Stephen Bunn, 17, attends Crocus Plains Regional Secondary School in Brandon. He says the native tradition, which involves the burning of sage, makes him feel closer to his younger brother, who was 15 when he killed himself in June.
He says that earlier this school year staff approached him and his sister and accused them of coming to school smelling like marijuana.
Bunn said the final straw came in November when a teacher took him to the principal's office. On the way, he said, the teacher was telling students not to touch Bunn and pushing them out of the way.
"I was embarrassed and was starting to get mad," Bunn told the aboriginal television network APTN.
The teen said there was no mention of the scent policy in the meeting and the principal asked Bunn if he was smoking weed.
"He said it was school policy that he ask me," said Bunn. "It’s obvious it was sage."
In December, Bunn's mother, Sandy Bunn, said she got a call from one of the school’s vice-principals.
"'We want you to notify us when he does (smudge) so we can send him home for the rest of the day,'" Bunn’s mother said she was told.
"'You need to educate your staff on the differences … sage doesn’t smell like weed,'" she said she told the vice-principal. "Why should he have to miss school for this?"
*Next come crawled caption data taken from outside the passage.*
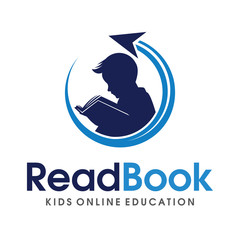 Children Smart reading logo Vector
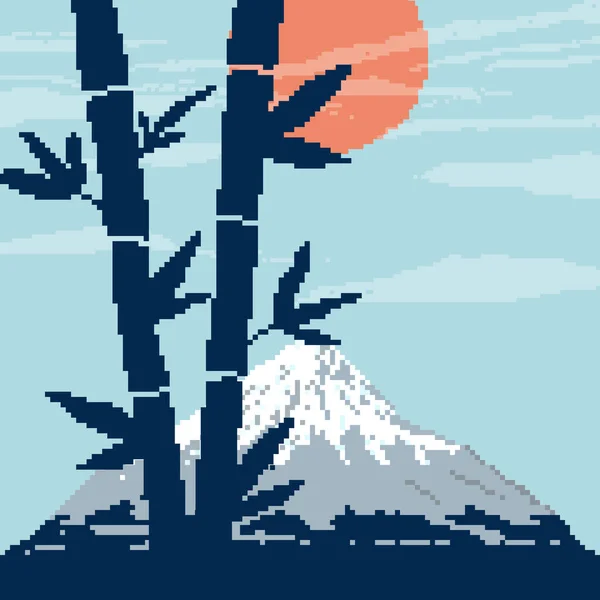 Piksel arkaplan. Bambulu kart, Fuji dağı ve kırmızı güneş. Piksel bambu. Piksel sanat 8 bit vektörü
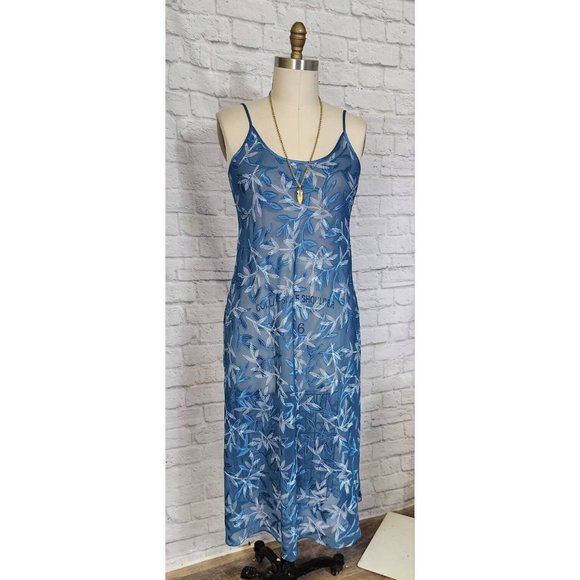 90s bias cut sheer blue leaf Designer Nightgown & Robe Set -Halston - Picture 2 of 6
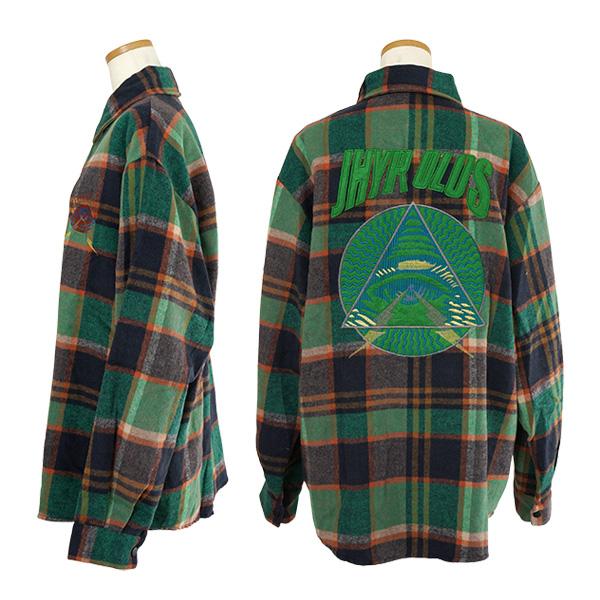 柄シャツ チェック柄 チェック ネルシャツ 起毛 刺繍 ワッペン ロゴ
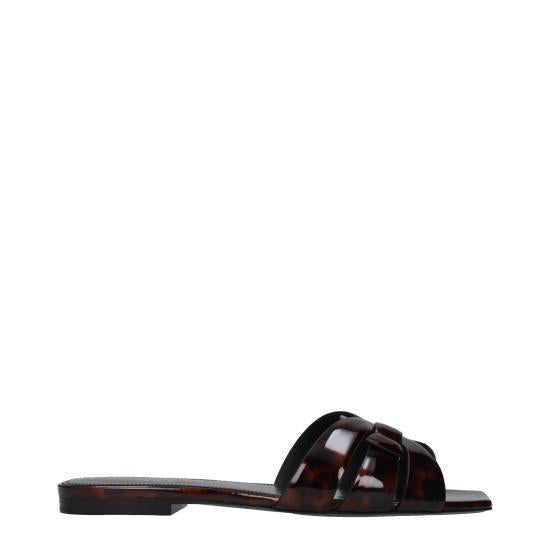 Saint Laurent Tribute Flat Mules Tortoiseshell Patent Leather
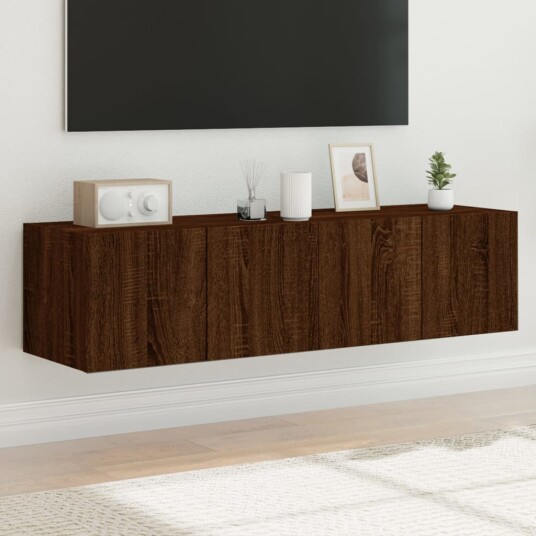 vidaXL TV-benker med LED-lys 2 stk brun eik 60x35x31 cm 8721012258648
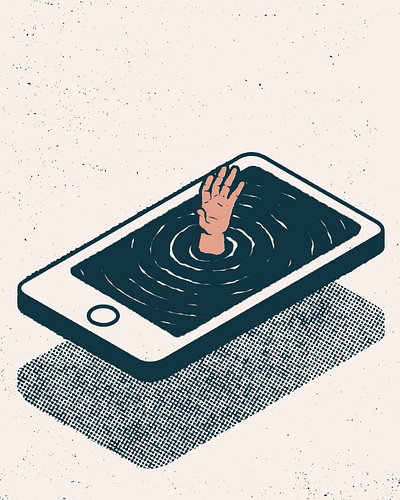 drowning in information addiction art editorial art editorial illustration graphic illustration mobile social media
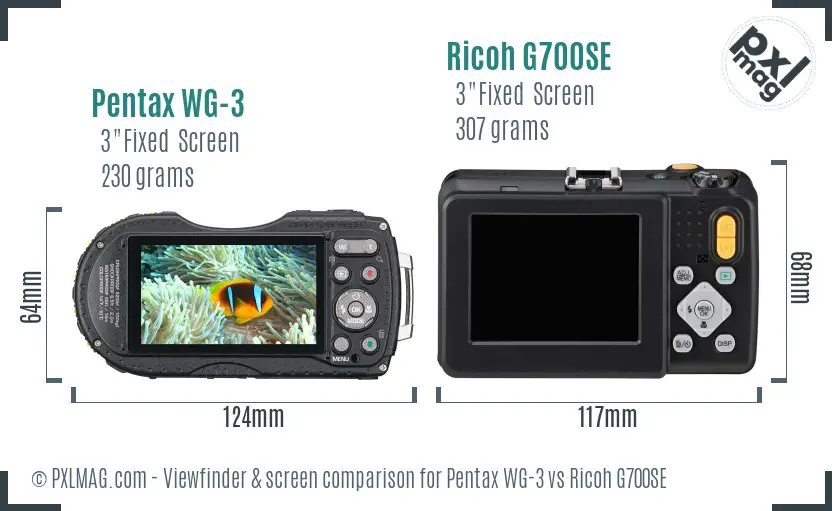 Pentax WG-3 vs Ricoh G700SE Screen and Viewfinder comparison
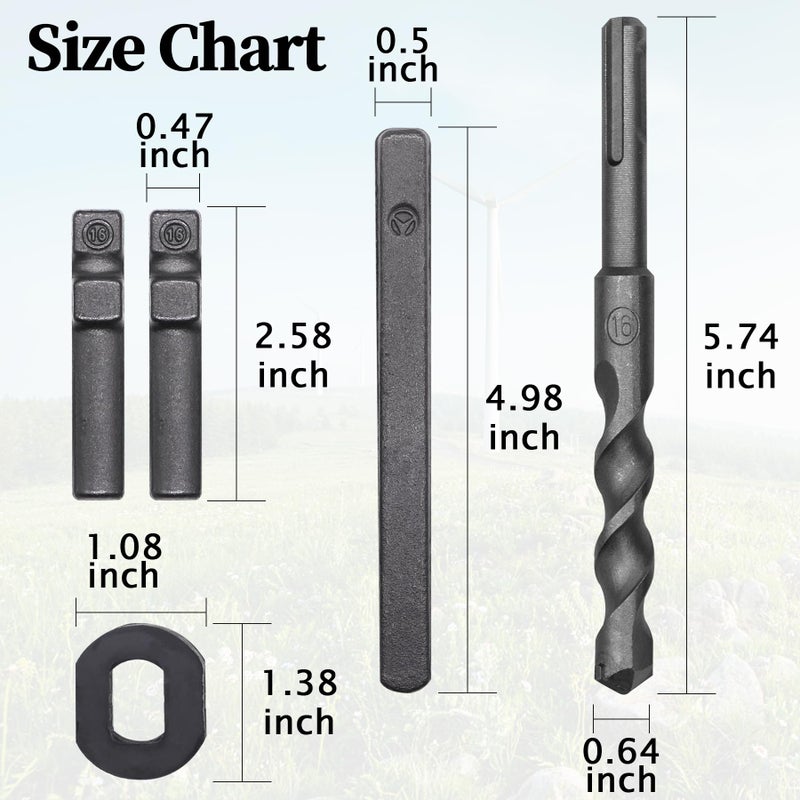 Csdtylh 6PCS Rock Splitting Wedges and 1PCS Rotary Hammer Drill Bit, Wedge and Feather Shims, Stone Splitter Tools for Granites, Concretes, Boulders, Volcanic Rocks, Limestone Rocks - Image 2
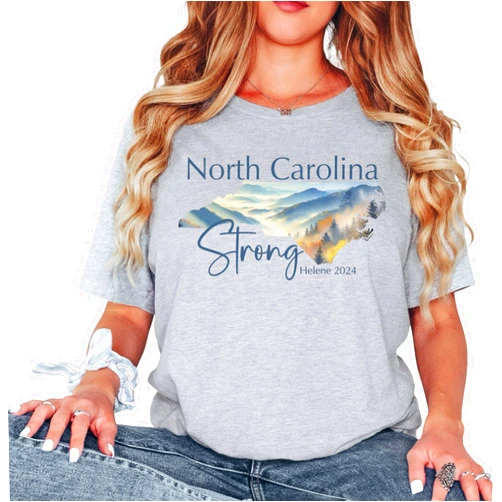 PinkCloverUSA North Carolina Strong Shirt, NC Hurricane Helene Flood Survivor Tshirt, Western NC Storm Shirt for Hurricane Helene Victims and Rescuers, WNC Support Tee (S, Athletic Heather)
The Brandon School Division said in a statement Wednesday that it "actively promotes and encourages respect of a variety of religious and cultural practices, including the practices of our First Nations students and their families."
The board said it has asked an elder to work with staff and students to ensure smudging is done so as to minimize any discomfort to others.
It cited privacy reasons for not commenting on Bunn's case specifically.
Bunn said he is still smudging and hasn't had any problems.
He has posted his story on YouTube because, he said, he wants everyone to know what happened.